Estados Unidos debe sentirse orgulloso de hispanos: Obama

El presidente Barack Obama dijo hoy que Estados Unidos debe sentirse orgulloso del crecimiento de su población hispana y reiteró su llamado a la Cámara de Representantes para aprobar la reforma migratoria que otorgue ciudadanía a 11 millones de indocumentados.

En entrevista con la cadena Telemundo, Obama desestimó como razón para oponerse a la reforma el temor de la oposición a que eventualmente las minorías hispanas se conviertan en mayorías en Estados Unidos.

"Sabemos que en 10 años, en 20 años, en 30 años, va a haber más gente de herencia latina aquí en Estados Unidos y eso debería ser una fuente de orgullo y una fuente de fortaleza", puntualizó el mandatario.

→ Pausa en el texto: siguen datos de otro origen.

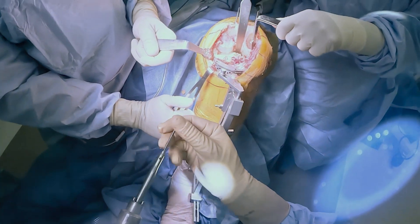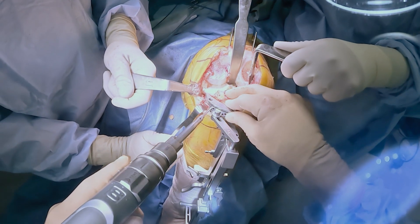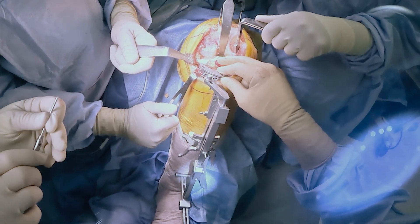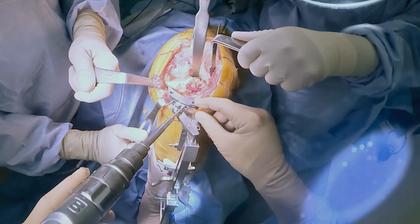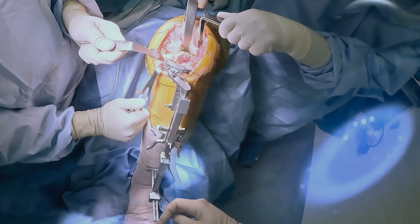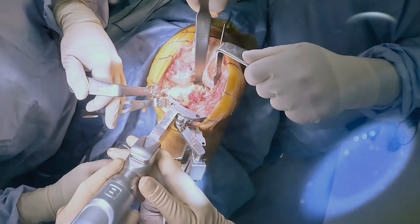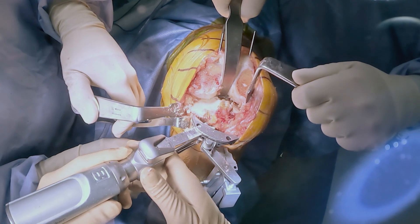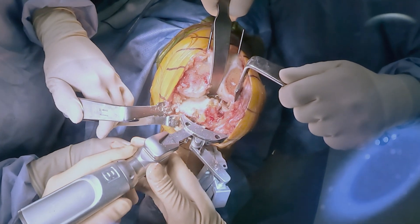Once I have found the appropriate depth of resection, I pin it into place with two smooth pins, which will then secure with a poker clamp. This is a pretty streamlined process. This has saved me a significant amount of time because I feel very comfortable with the readings that I'm getting as well as the accuracy of the mechanical axis and the posterior slope.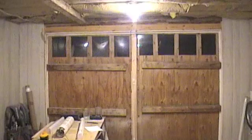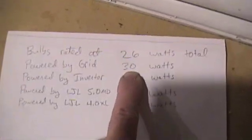Okay, so this is on grid power, same lights. Definitely nice — plenty of light, very comfortable. I like the warm light. We're running 30 watts. It's pretty nice. I really like these lights — very comfortable.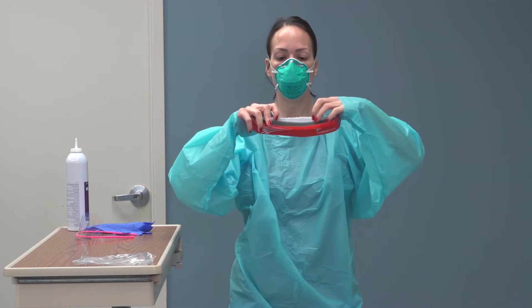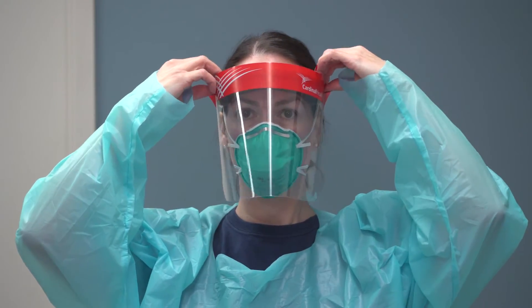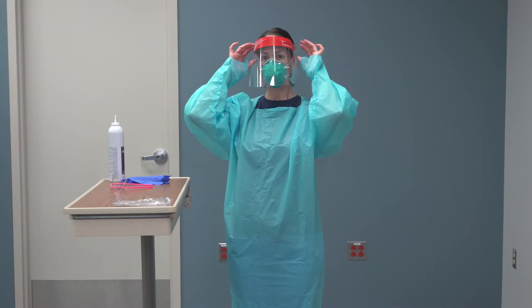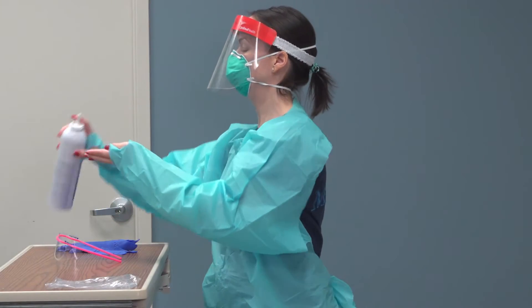Apply goggles or eye protection. Ensure forehead strap is one inch above eyebrows. Healthcare provider has the option of eye protection — they may choose between a complete face shield or eye shield. Perform hand hygiene.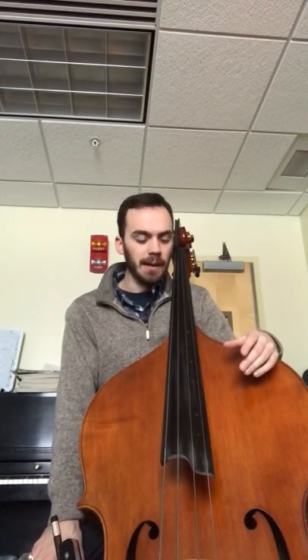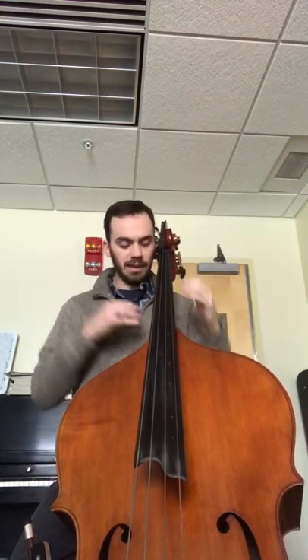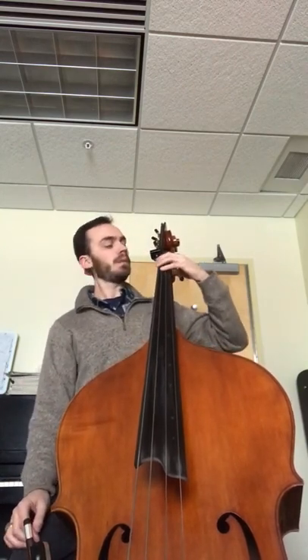Sharpie works, but the problem is the fumes off of it tend to last, so you'll be playing the bass and it can be a bit much. I've been going more with the Expo non-odor marker. I'll give you a quick close-up here — you can see how they look in thumb position down here, through the middle range, and then in first position and half position I have them on the side. The reason I do that is so you can see them without craning your neck.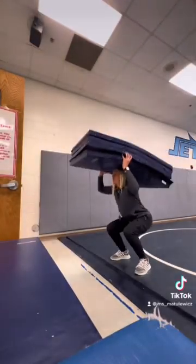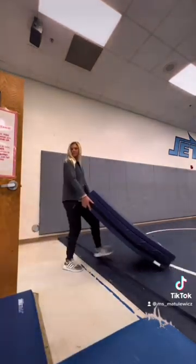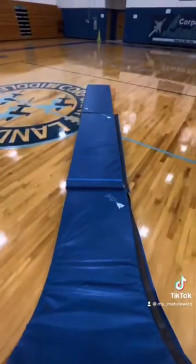I decided to do 30 squats with every mat before setting them out. I actually learned about this game when I was in college during my internship. Yes, you have to go to college to be a PE teacher, and it's definitely a favorite at my school.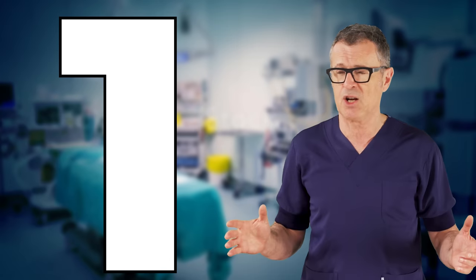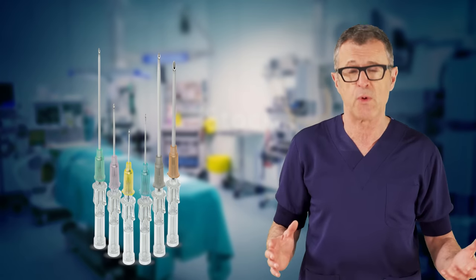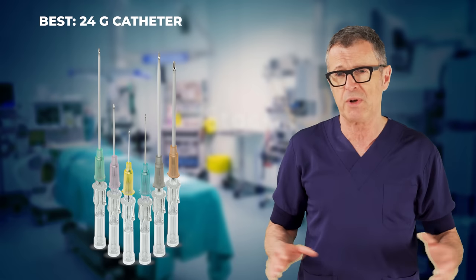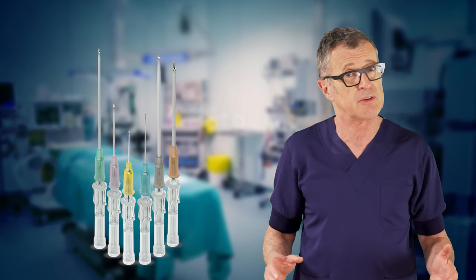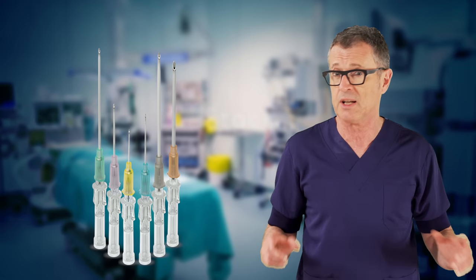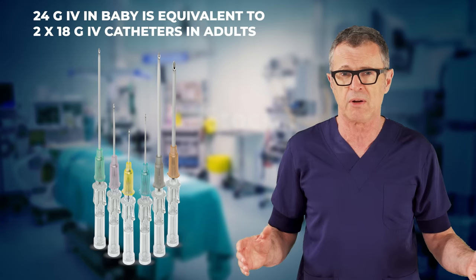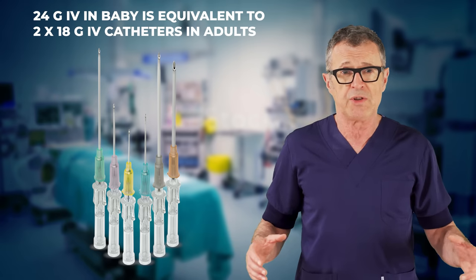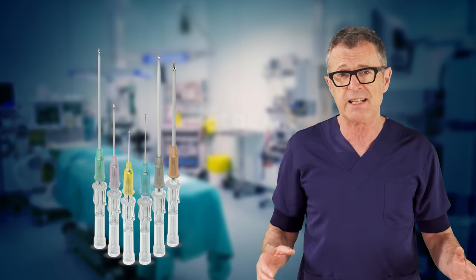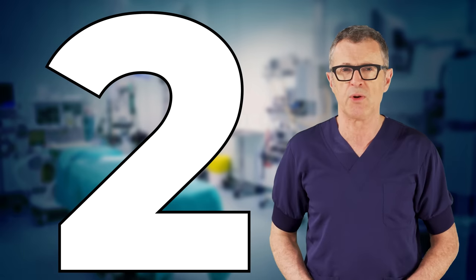Tip number 1: Select the optimal gauge catheter. The best IV catheter size is a short 24 gauge catheter. While I have witnessed others trying larger gauges such as 22 gauge or 20 gauge in little babies, they often fail and the larger gauge is typically not needed. As an example, a 24 gauge IV in a baby of 4 or 5 kg has a free flow rate and bolus capabilities equivalent to 2 × 18 gauge IVs running wide open in an adult.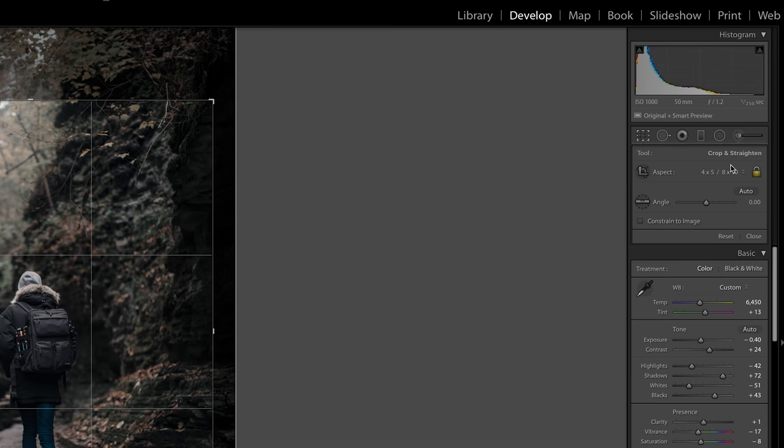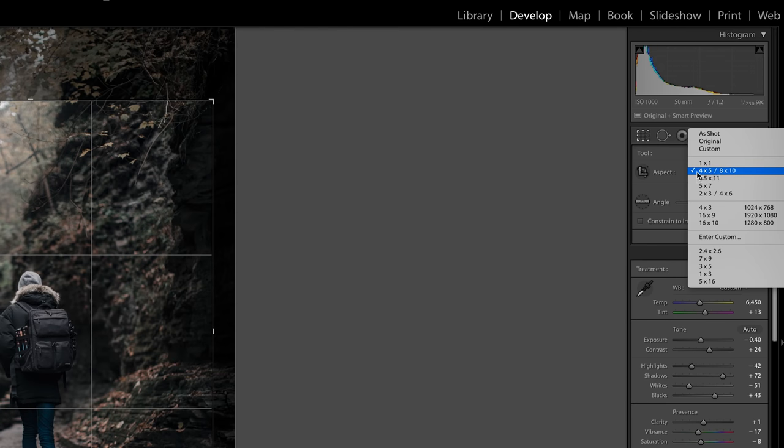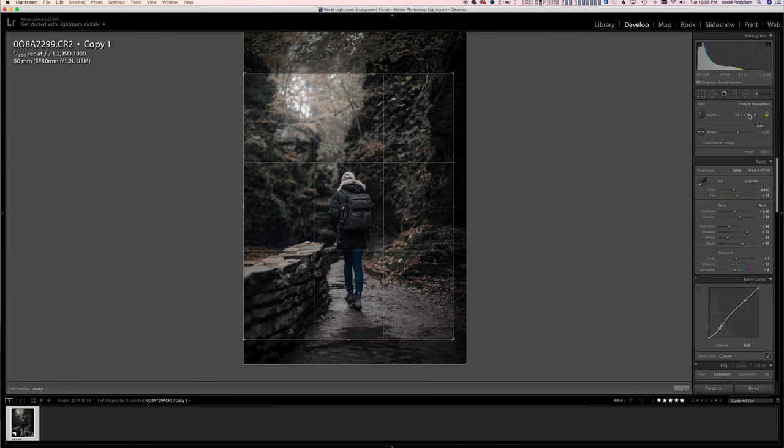I'm going to come over here to my crop tool. It's going to be an 8 by 10 ratio. So I'm going to crop it first to get the actual crop that I want to have — the one that I want to show on Instagram. This is key. This is where you want to be paying attention because this is how you're going to get those sharp crispy images.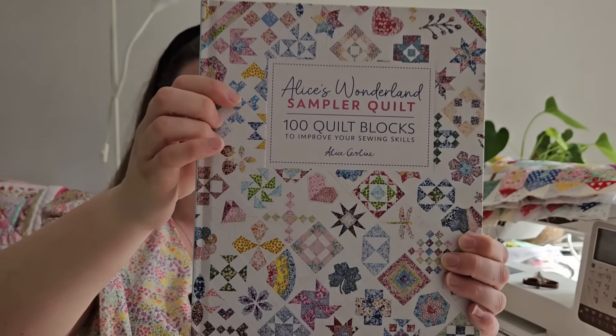In today's video we're going to be looking at this wonderful sampler book - Alice's Wonderland Sampler Quilt - and there are 100 blocks in this book. This book was very kindly gifted to me by Alice Caroline and the publishers, so thank you very much for that.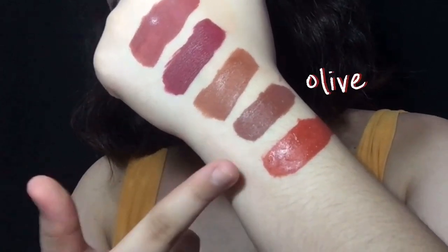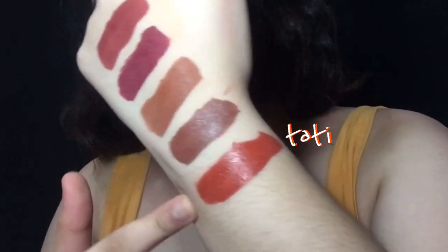So this is Olive, and this is Tatty. The formulation is still so great — in terms of longevity and pigmentation, it's amazing. I think it's so worth it to buy for its price at 299, compared to high-end lipsticks that can cost 1,000 pesos or more.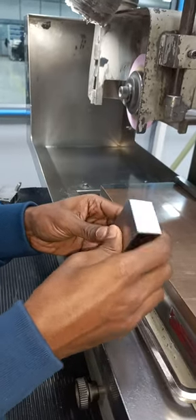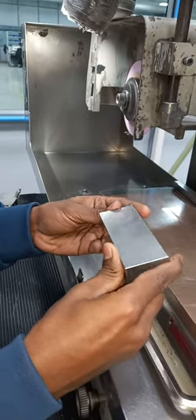Hello friends, today I am going to show how to make a right triangle in surface grinding.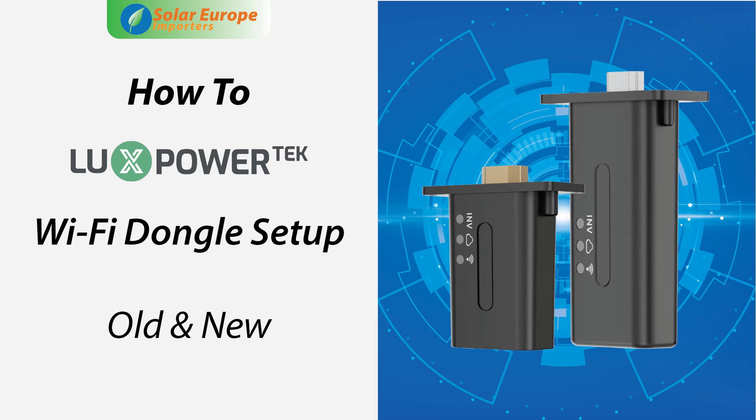In this video, we will show you how to configure the Wi-Fi for both the old and new Lux Power dongles. We will also show you how to bind the dongle to a station.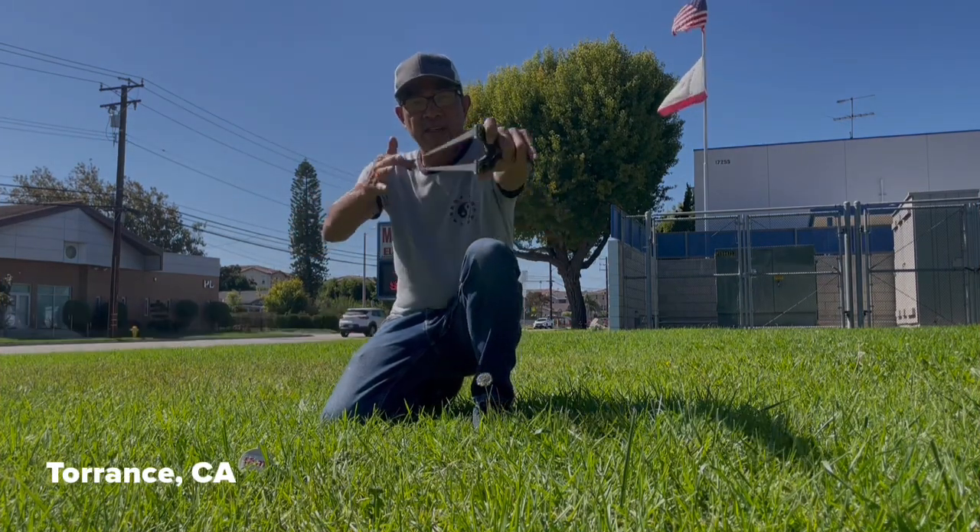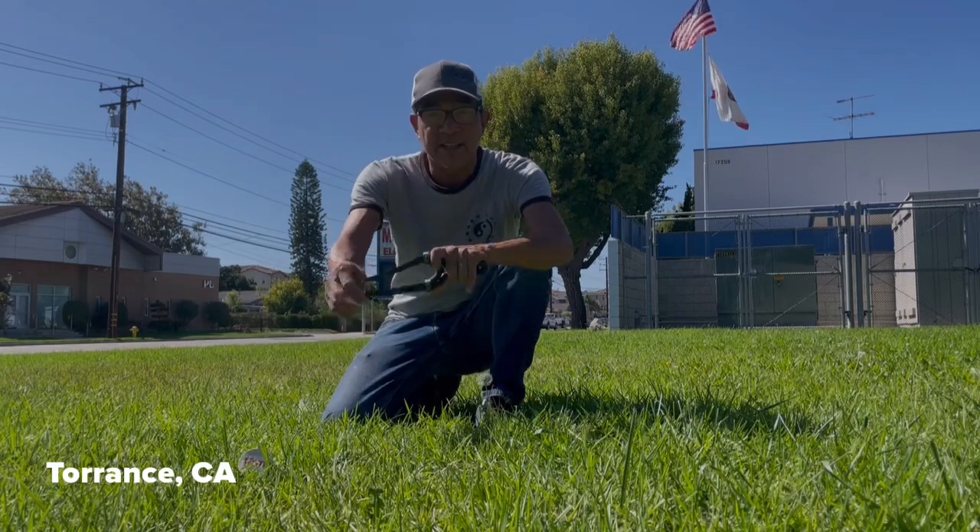Alright folks, once again Foamster, bringing you another flip clip, getting ready to hit my target. Let's do it folks.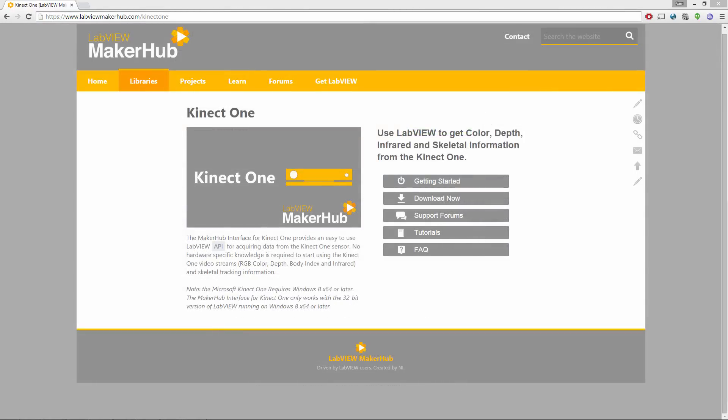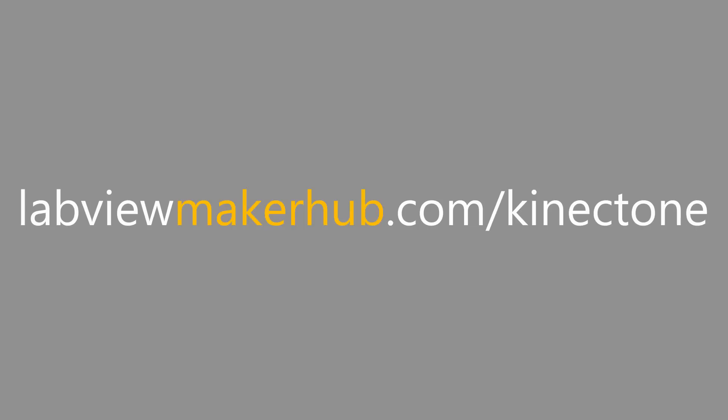Visit labviewmakerhub.com/connectone to learn more and get started.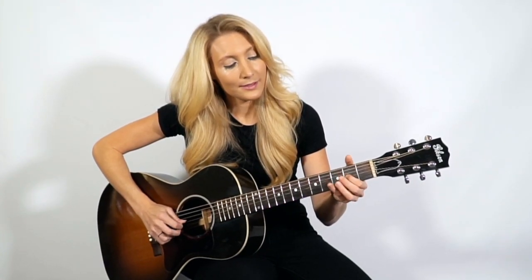Very slowly: third string open, then same string second fret. Then second string open, then second string third fret. Then first string open, then same string third fret. Now I'm going to play it very slowly, up the scale and then back down to where we started.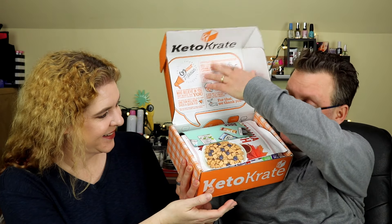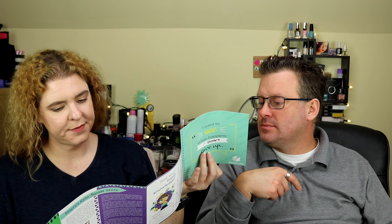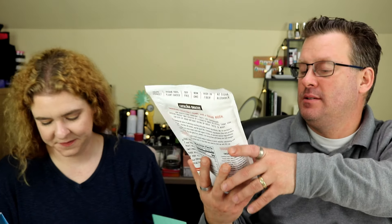I'll open the box here on the camera — hopefully nothing falls out. There's a little booklet and a card in here with a recipe and a bunch of cool little things. It looks like it shows some of what's in here but not everything, so let's go ahead and get started.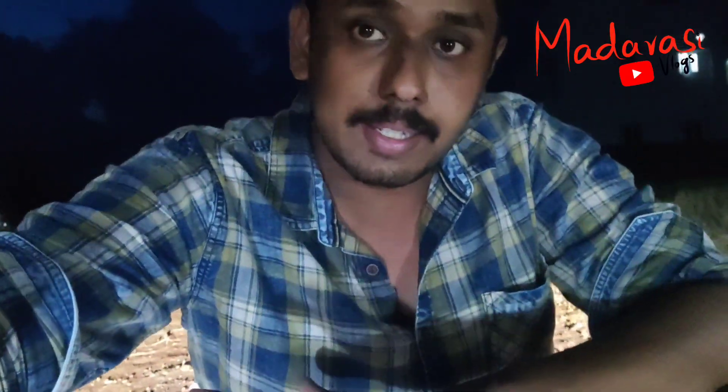Hi, hello, welcome. This is Kishore from Madrasi Vlogs. I am using a Duster car. The projector lights are not visible.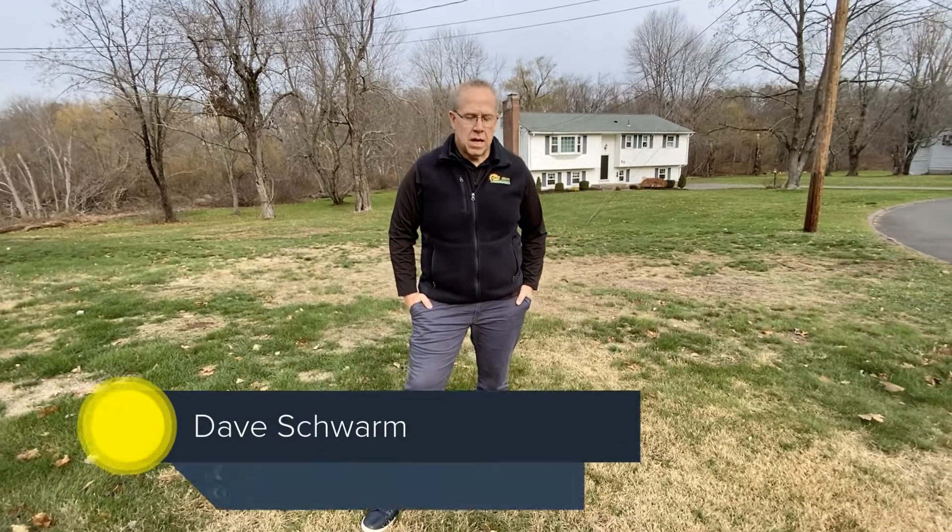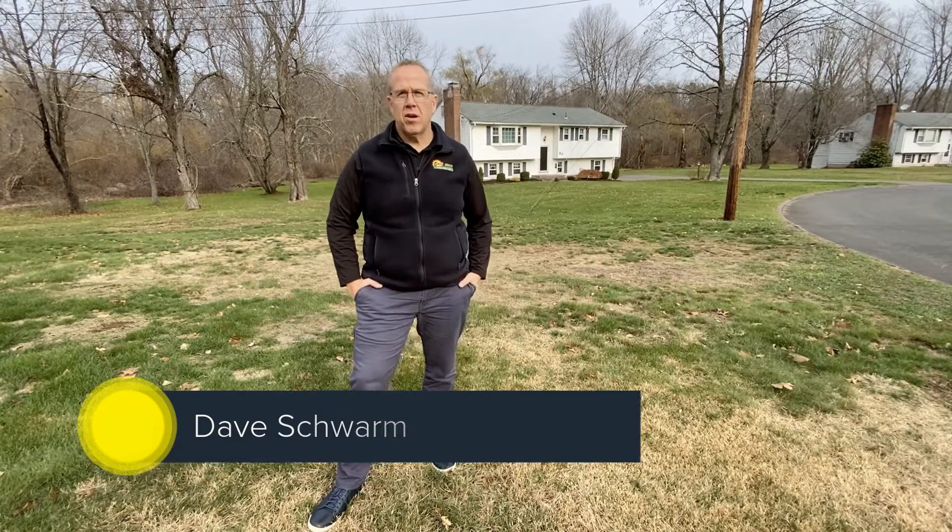Hey, it's Dave at Green Meadow Lawn Care. A lot of times I'll get customers that say, hey, my lawn's dead. I'll say, all right, let's go take a look at it.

Apuntó que muchas preocupaciones de los oponentes a la reforma son "más legítimas que otras" y remarcó que los cambios demográficos ya están sucediendo "en parte porque la comunidad latina, por ejemplo, tiene tasas de natalidad más altas".

Obama anotó que similares temores hacia otras comunidades se han dado a lo largo de la historia del país y puso como ejemplo a los flujos migratorios irlandeses y chinos.

"Ahora todo mundo acepta que los irlandeses son una fortaleza para Estados Unidos. Ahora hay un reconocimiento de que obviamente los asiáticos-americanos son increíbles contribuyentes a la riqueza y prosperidad de Estados Unidos", enfatizó.

Reiteró su rechazo a una legislación que no incluya la oportunidad de que los inmigrantes alcancen la ciudadanía.

"Dejar sin resolver el estatus de 11 millones de personas significa para nosotros tener dos clases de población: ciudadanos y gente resignada permanentemente a permanecer con un estatus más bajo. Creo que no es lo que somos como estadunidenses", remarcó Obama al referirse a la reforma como un esfuerzo único en una generación.

Indicó que ya no son temas de oposición para la reforma la seguridad en la frontera o la contribución económica ya que el número de cruces de indocumentados por se han reducido sustancialmente y el beneficio económico sería de alrededor de tres billones de dólares.

Apuntó que los republicanos en la Cámara de Representantes están luchando con la oposición de muchos de sus representados para el tema de la ciudadanía y lo que representaría el tema migratorio para su futuro político.

"Pero una de las cosas que yo sé como resultado de viajar por todo el mundo es que parte de lo que hace a Estados Unidos especial es que atraemos talento de todos lados y queremos asegurarnos que ése continúe siendo el caso", agregó.

El mandatario admitió difícil que la aprobación de la reforma migratoria se logre antes del receso del Congreso en agosto, como era su objetivo inicial.

En junio pasado el Senado aprobó un proyecto de ley respaldado por la Casa Blanca, sin embargo los republicanos que controlan la Cámara Baja han indicado que no llevarán a voto dicha iniciativa si no tuviera el respaldo de la mayoría.